With this collection, a vital Singaporean voice is finally recovered. Nalpon’s inspired blend of close observation, legend, local superstition and peculiarly eclectic reading results in some of the most imaginative and exciting writing produced in Singapore during the 1960s and 1970s, including authentic descriptions of indigenous culture and working-class men and women rarely found in Singaporean writing of the period.
Reader Reviews:
“I am glad that Gregory Nalpon’s work at last has a chance of being recognised. His stories are excellent.”

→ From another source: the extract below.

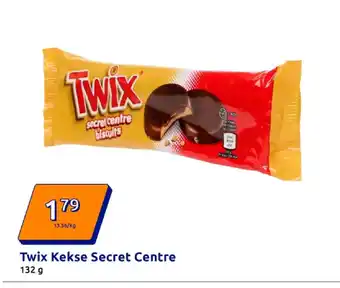 Action Twix kekse secret centre Angebot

—Edwin Thumboo, award-winning Singaporean poet and academic
“[Nalpon's] stories often produce a resolution at the level of narrative but keep cultural elements in suspense, a series of intersecting gazes that never quite align…Angus Whitehead is to be congratulated both for making Nalpon’s works available to a new and wider audience, and also in the process enabling new perspectives on literary history in Singapore.”
—Philip Holden, Asiatic IIUM Journal of English Language and Literature
“Gregory Nalpon’s stories and evocative commentaries might seem nostalgic for a pre-development Singapore, but make no mistake—there is little sentimentality here, as marginalised characters get fleshed out with brutality, as well as compassion. His poetic, fable-esque narratives possess a sense of magic that is almost spiritual, full of moral lessons about the abjection of human desires, death, and a knowing presence at the heart of the natural world.”
—Cyril Wong, author of Ten Things My Father Never Taught Me and Other Stories and The Last Lesson of Mrs de Souza
“[Nalpon's] collected works in The Wayang at Eight Milestone seem to work as a veritable time machine, winding us readers back to the gritty world of old Singapore and immersing us in its saudade, its beautiful spirit of melancholy…[He is] a pioneer Singaporean storyteller like no other.”
—Ng Yi-Sheng, Quarterly Literary Review Singapore
“Gregory Nalpon wrote from the margins about a Singapore in the throes of great change, and I am convinced that he is our first true proponent of magical realism.”
—Robert Yeo, playwright and author of The Adventures of Holden Heng
“Enigmatic and evocative, Gregory Nalpon’s stories unsettle the reader, sometimes with unexpected tenderness, other times, startling violence. They usher us into a Singaporean world smudged and erased from public memory but throbbingly alive in a fictive universe uniquely shaped by Nalpon’s creative imagination and his spare but suggestively symbolic style. For this wonderful experience we have to thank Angus Whitehead, who with dedicated, perceptive, and historically sensitive scholarship, excavated these stories and brought them into the light of day.”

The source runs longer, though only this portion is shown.